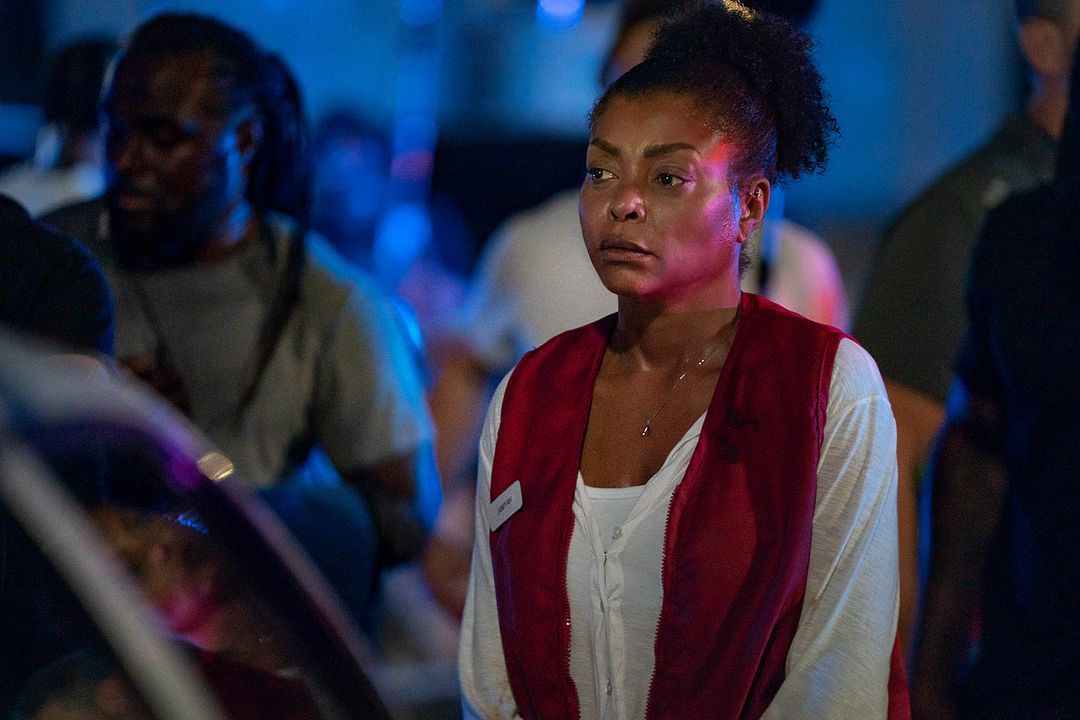 Até a Última Gota : Fotos Taraji P. Henson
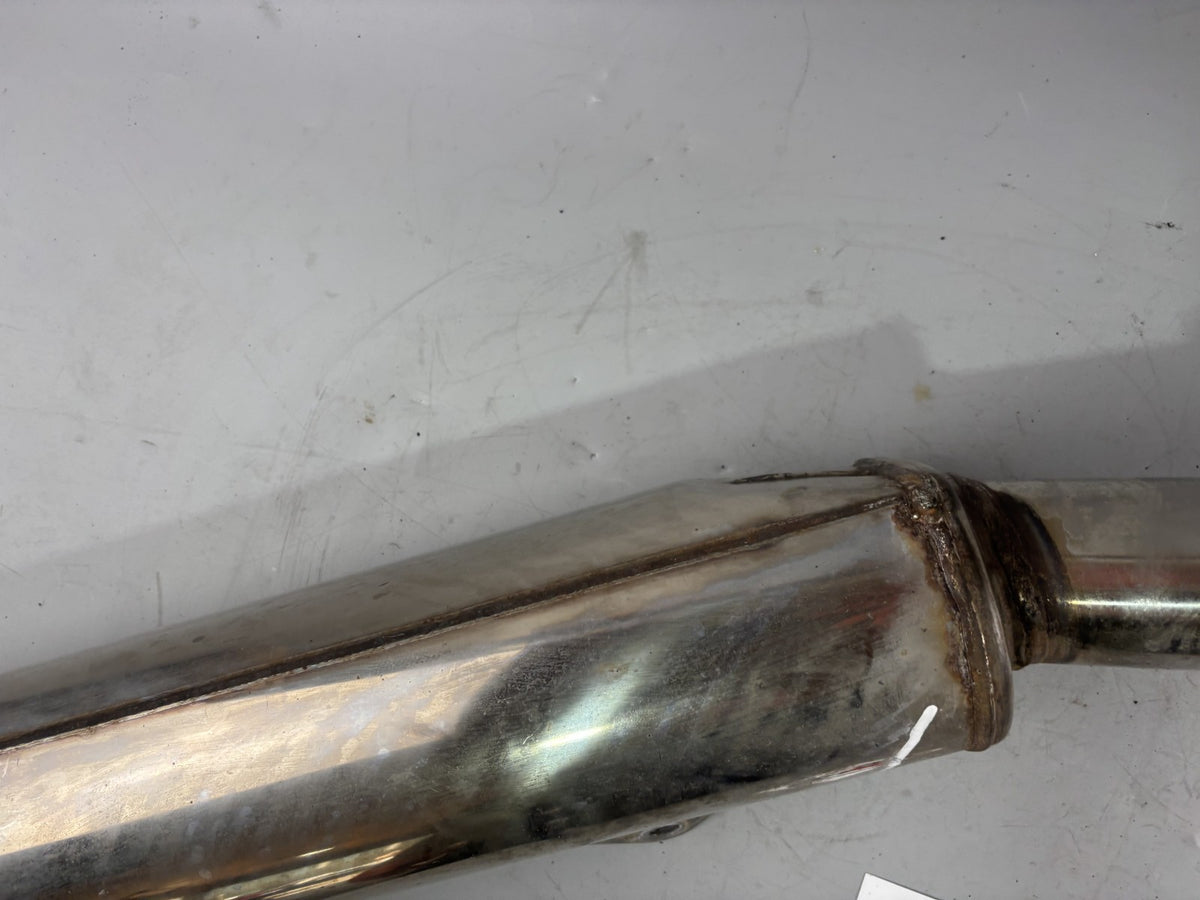 Suzuki GSX750 AE Inazuma Auspuff Endtopf Schalldämpfer Exhaust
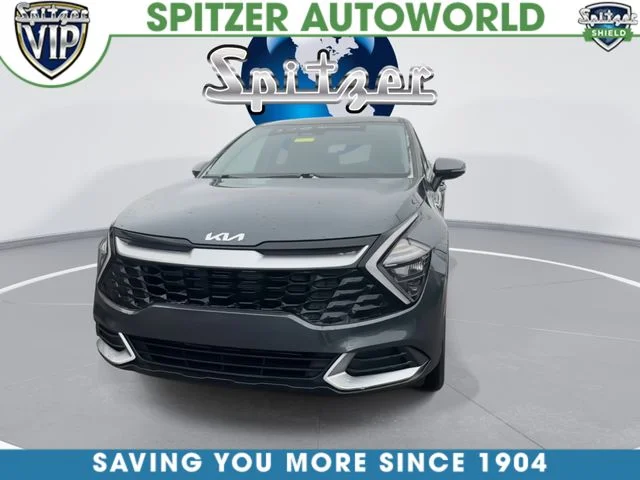 Used 2023 Gray Kia EX image 4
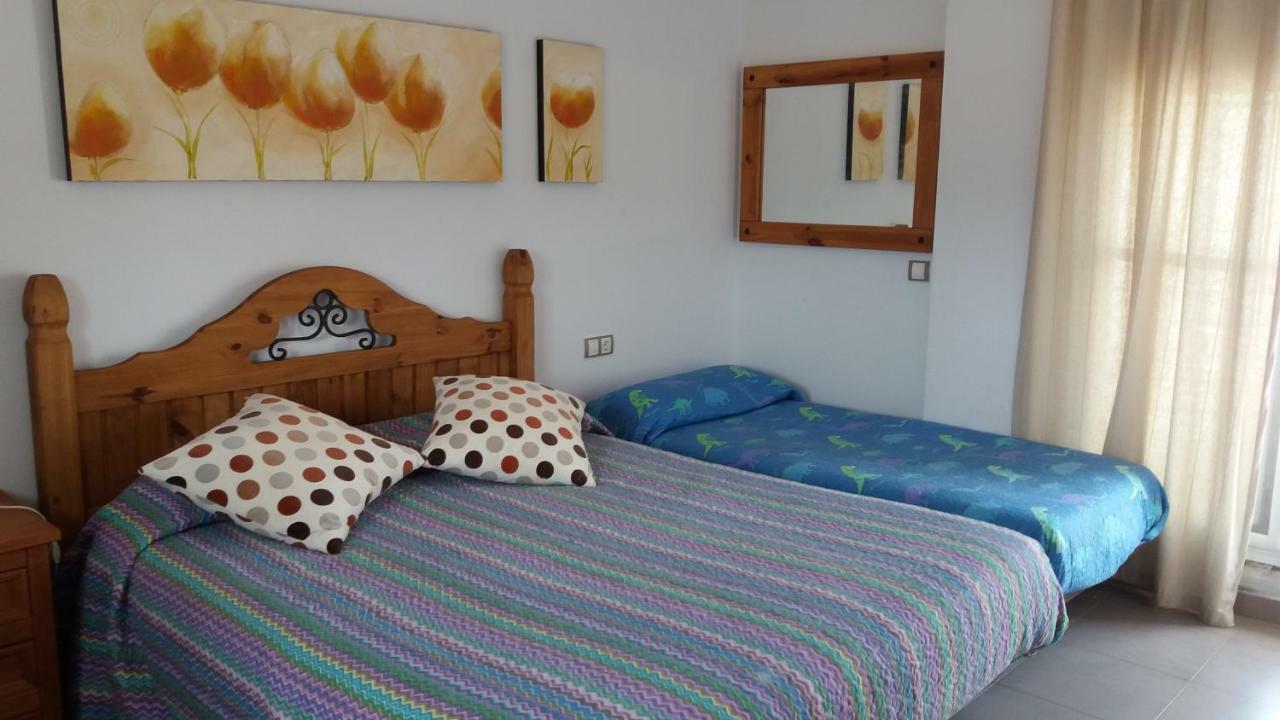 Casa Rural El Jardin Del Hueznar San Nicolás del Puerto 外观 照片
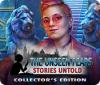 The Unseen Fears: Stories Untold Collector's Edition oyunu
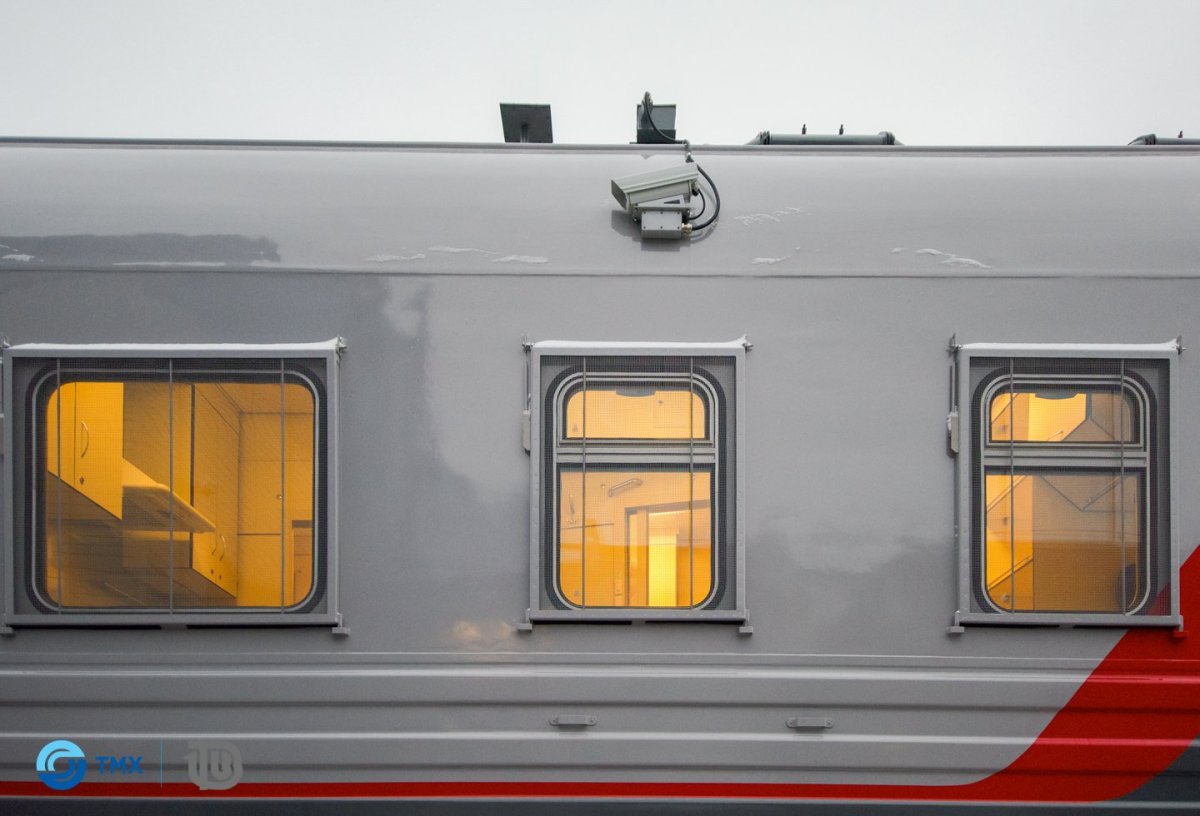 Вагон модели 61-4495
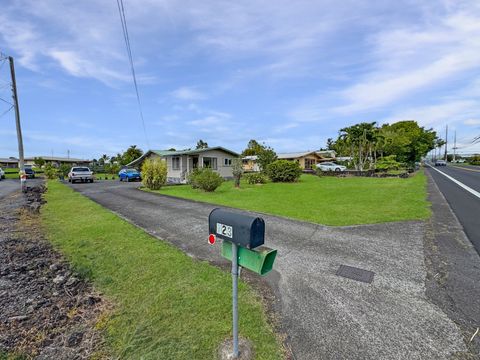 Photo of 723 Kawailani St, Hilo, HI 96720 (MLS # 718252)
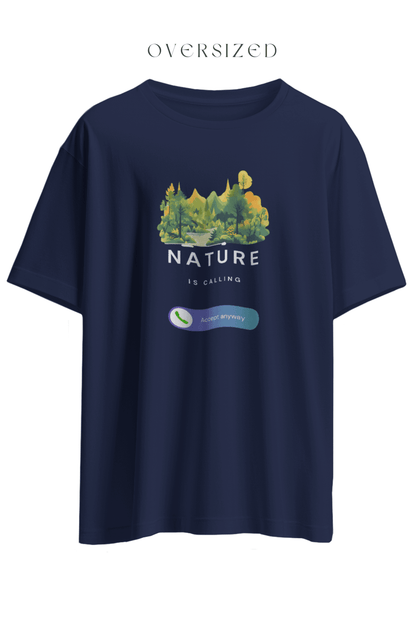 Nature Is Calling
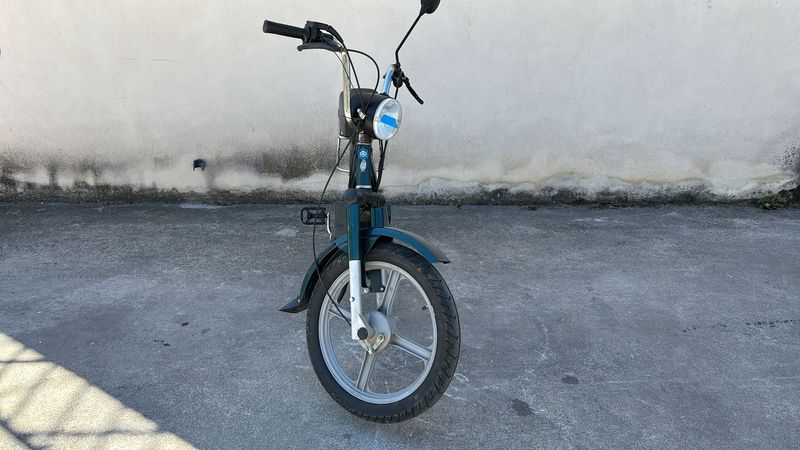 PIAGGIO SI VERDE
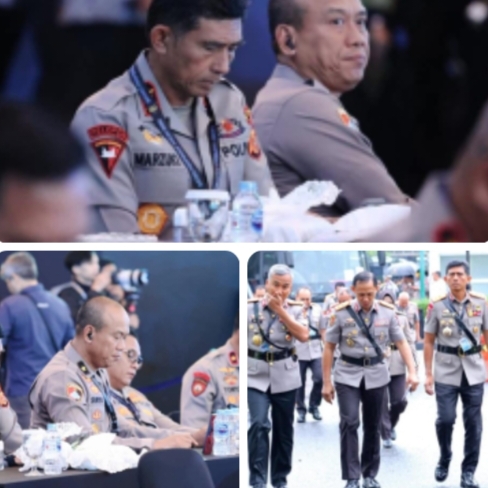 Hadiri Rapim TNI-Polri 2026, Kapolda Aceh Siap Selaraskan Kebijakan Nasional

**********

## Activity:
Return only the lines from the one containing "Casa Rural El" through the last line of the entries above, exactly as written and without pictures.

## Answer box:
 Casa Rural El Jardin Del Hueznar San Nicolás del Puerto 外观 照片
 The Unseen Fears: Stories Untold Collector's Edition oyunu
 Вагон модели 61-4495
 Photo of 723 Kawailani St, Hilo, HI 96720 (MLS # 718252)
 Nature Is Calling
 PIAGGIO SI VERDE
 Hadiri Rapim TNI-Polri 2026, Kapolda Aceh Siap Selaraskan Kebijakan Nasional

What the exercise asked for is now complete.